Parfois, sur Internet, c’est compliqué. Il arrive que des sites ne fonctionnent pas et il faut tout refaire depuis le début. Ça prend un temps fou. Parfois, le vocabulaire est incompréhensible (comme le vocabulaire juridique, par exemple). Il arrive aussi qu’on n’ait plus nos mots de passe (c’est infernal de garder tous ces mots de passe) ou on a le bon mot de passe mais ça ne fonctionne quand même pas. Donc parfois, on abandonne…
Comme tout passe par le digital entre le citoyen et l’administration, toutes les données sont chiffrées, cadenassées (l’âge, l’état de santé, le nombre d’années en Belgique…) ; certaines personnes ne seront pas prises en compte pour des choses auxquelles elles ont droit, parce que telle case n’aura pas été cochée…
Le résultat, c’est que ça devient tellement complexe qu’on abandonne les démarches.

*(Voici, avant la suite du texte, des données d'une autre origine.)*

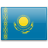 カザフスタン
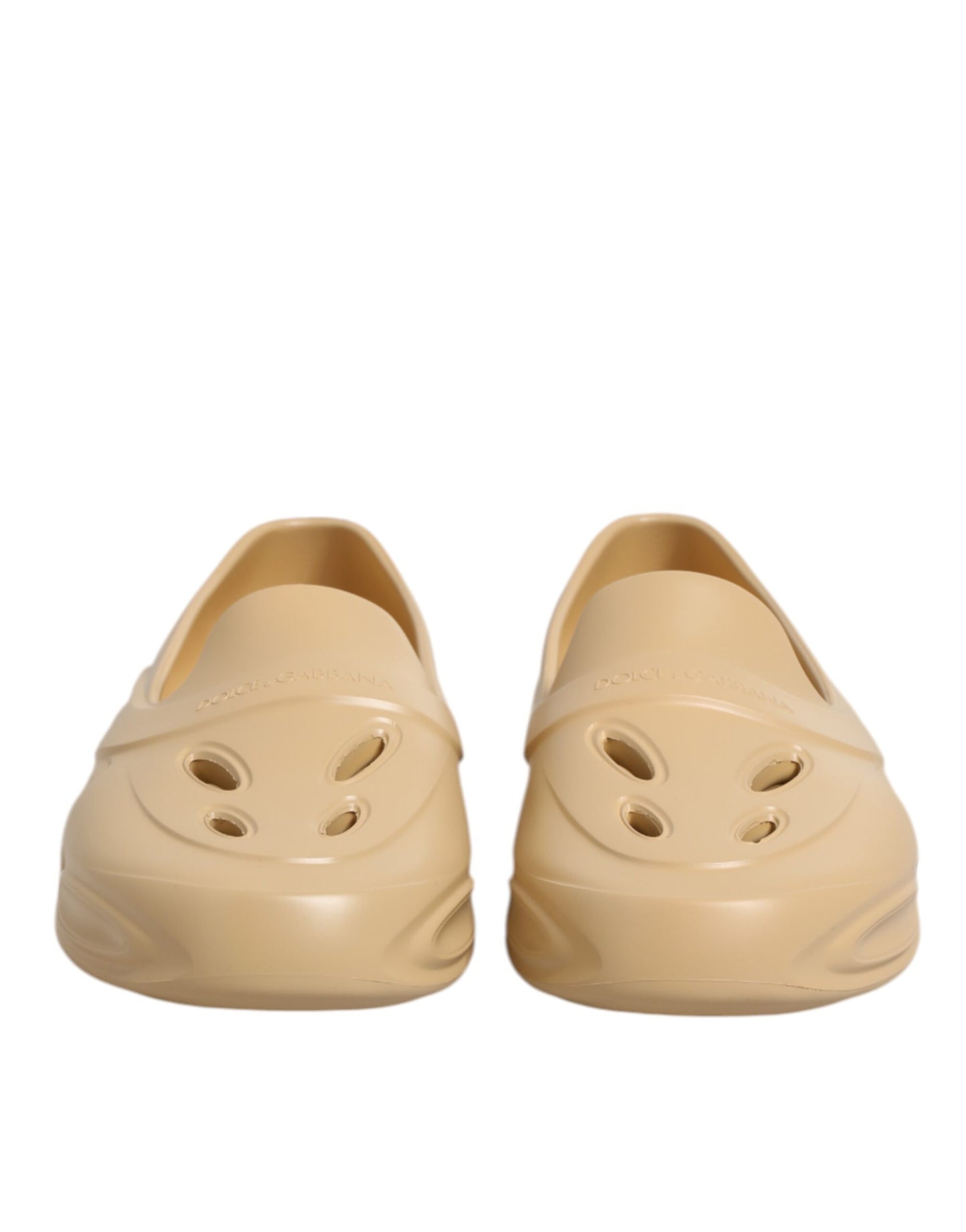 Dolce & Gabbana Sneakers - Herren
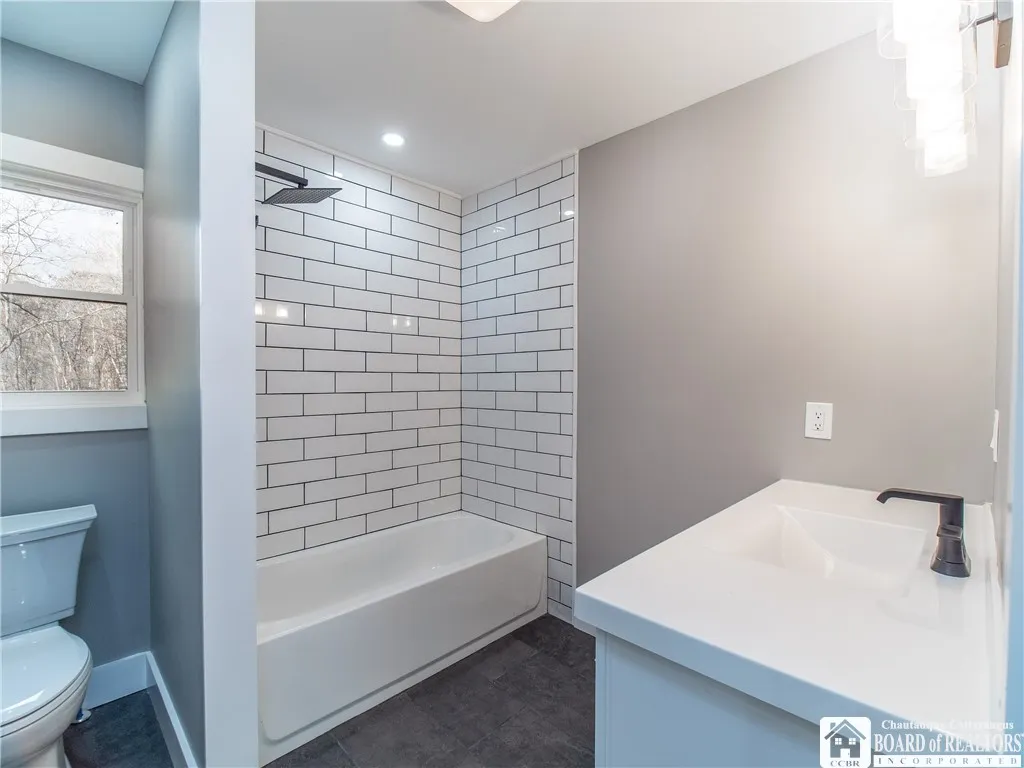 2856 Gerry Ellington Road, Gerry, New York 14740, Gerry, New York 14740, 3 Bedrooms Bedrooms, 7 Rooms Rooms,1 BathroomBathrooms,Residential,For Sale,2856 Gerry Ellington Road, Gerry, New York 14740,0,R1649622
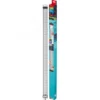 Rampe LED pour aquarium, 30,7W, 1074mm - EHEIM powerRGB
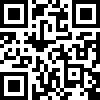 https://mehrnews.com/x3bW4j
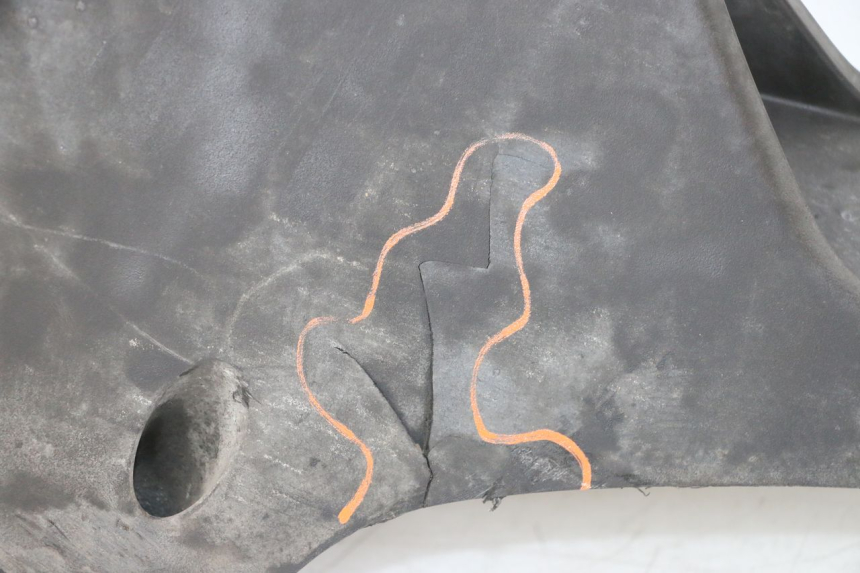 photo de SOTTOPEDANA SINISTRA QUADRO 4 4D 350 (2015 - 2018) - Ricambio usato controllato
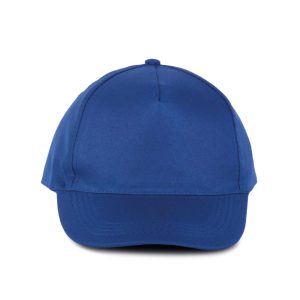 K-UP KP157 Royal Blue U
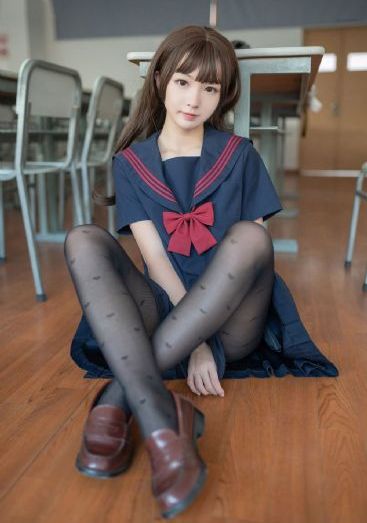 女人下边水润紧致好处_HD日本电影在线
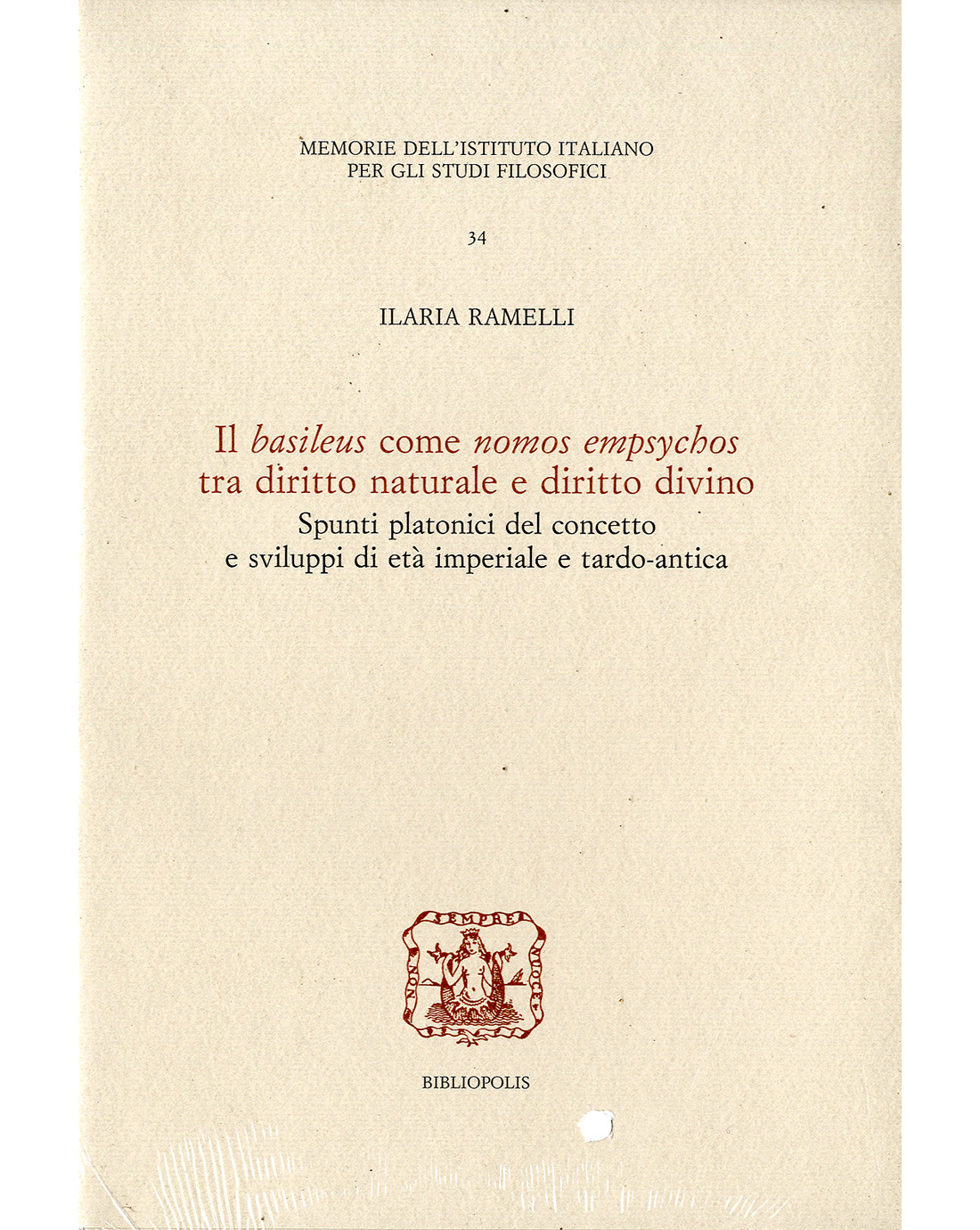 basileus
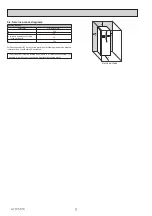 Preview for 7 page of Mitsubishi Electric ecodan EHPT20Q-VM2EA Service Manual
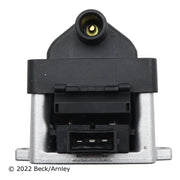 Beck/Arnley 178-8227 1995-2002 Volkswagen Cabrio Ignition Coil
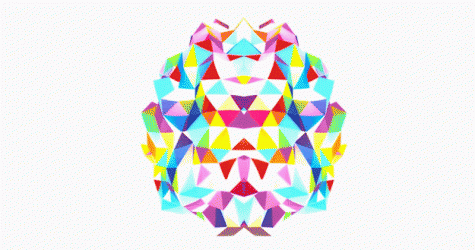 Искусственный интеллект сочинил песню в стиле The Beatles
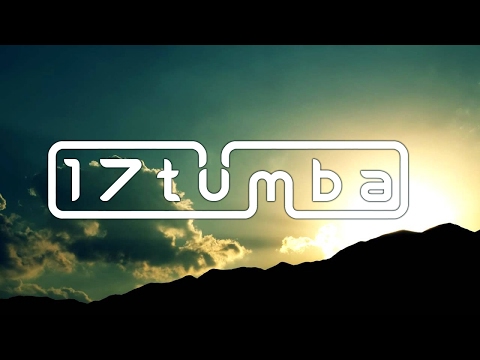 Indivision & N4m3 ft Tiiu - Other Clouds [FULL][Free]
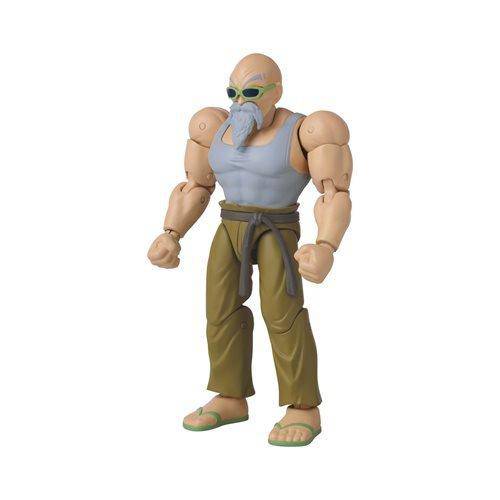 Bandai Dragon Ball Stars Action Figure  - Select Figure(s) (Online Order Only)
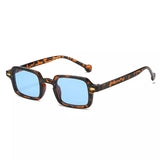 Óculos de Sol Masculino Siena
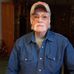 Gary Gurney - Facebook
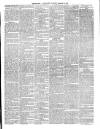 Eastbourne Gazette Wednesday 24 December 1879 Page 5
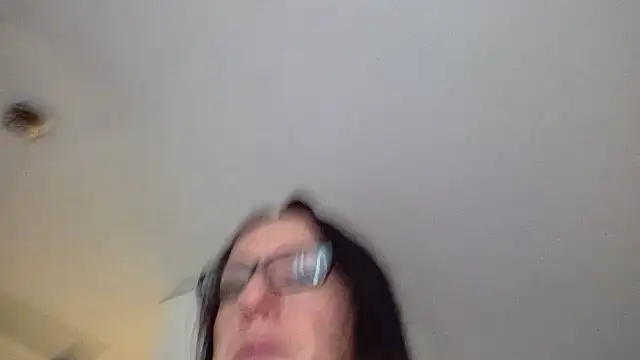 FITGIRL-MAEVAn Webbikameraesitys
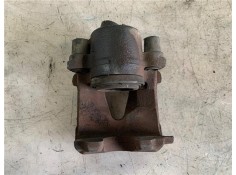 Recambio de pinza freno delantero derecha para volkswagen caddy (2k) 1.9 kombi referencia OEM IAM 1K0615124D  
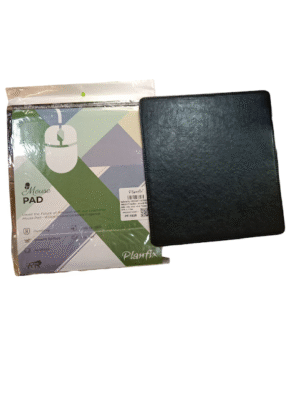 PLANFIX PF-1028 MOUSE PAD 195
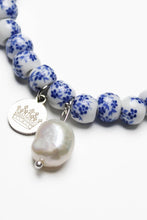 Load image into Gallery viewer, For Freedom Bracelet - Made by Survivors
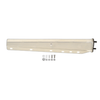 ABP N22 703331 K HANGER, SL, 30 TPRD, NCX, SST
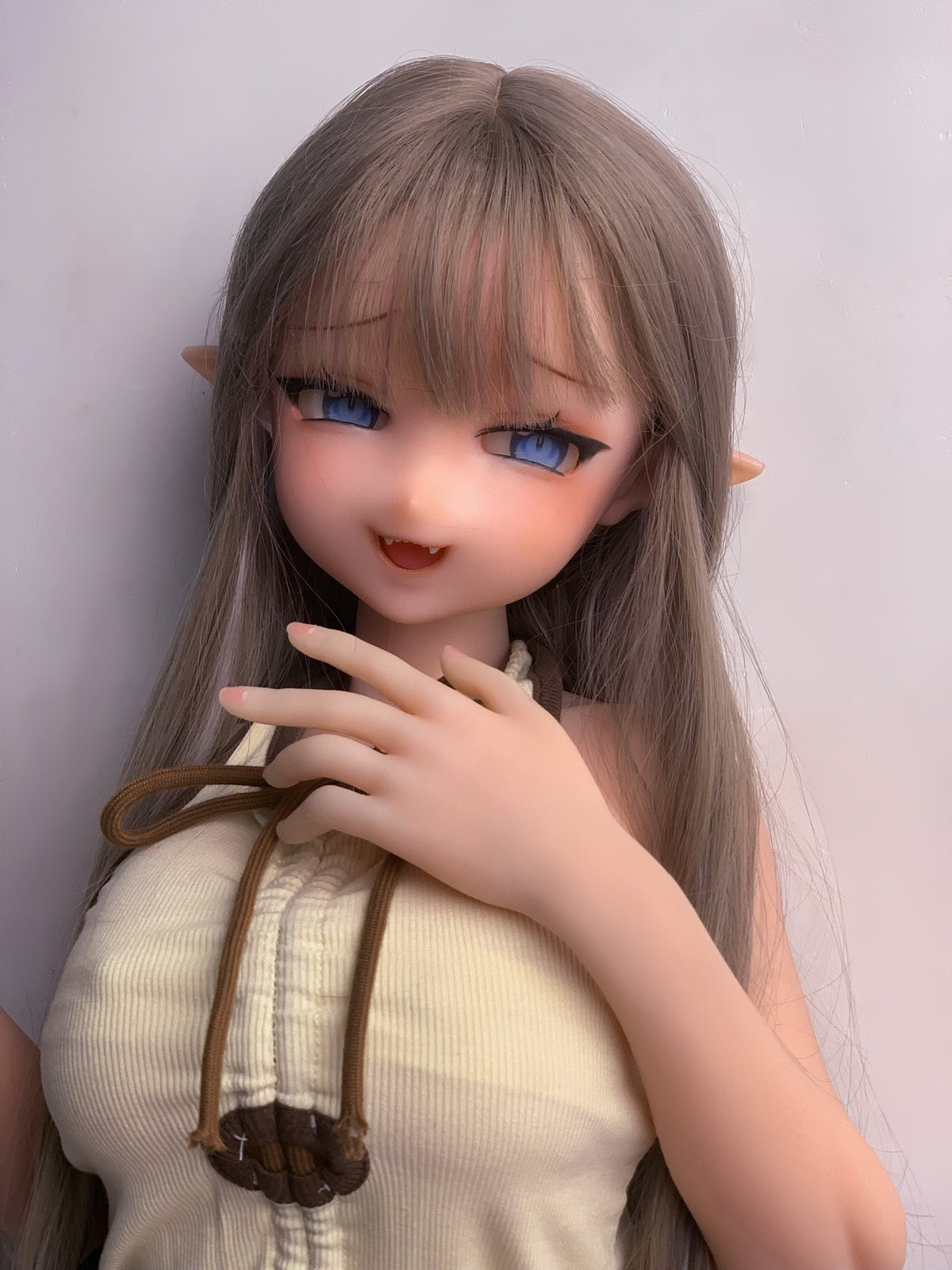 ijuuin-mai-rada010-anime-silicone-sex-doll-90-102cm-elsa-bab-14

Pas seulement pour des raisons techniques. En Europe, le non-recours au droit est estimé à une moyenne de 30 %. Ça veut dire qu’il y a 30 % de personnes qui pourraient avoir droit à des aides, à des revenus complémentaires, et qui n’y font pas appel. Quand on ne comprend pas les questions, le problème se pose, que ce soit sur papier ou par voie digitale, mais si on ajoute l’obstacle de la digitalisation, ça augmente la difficulté.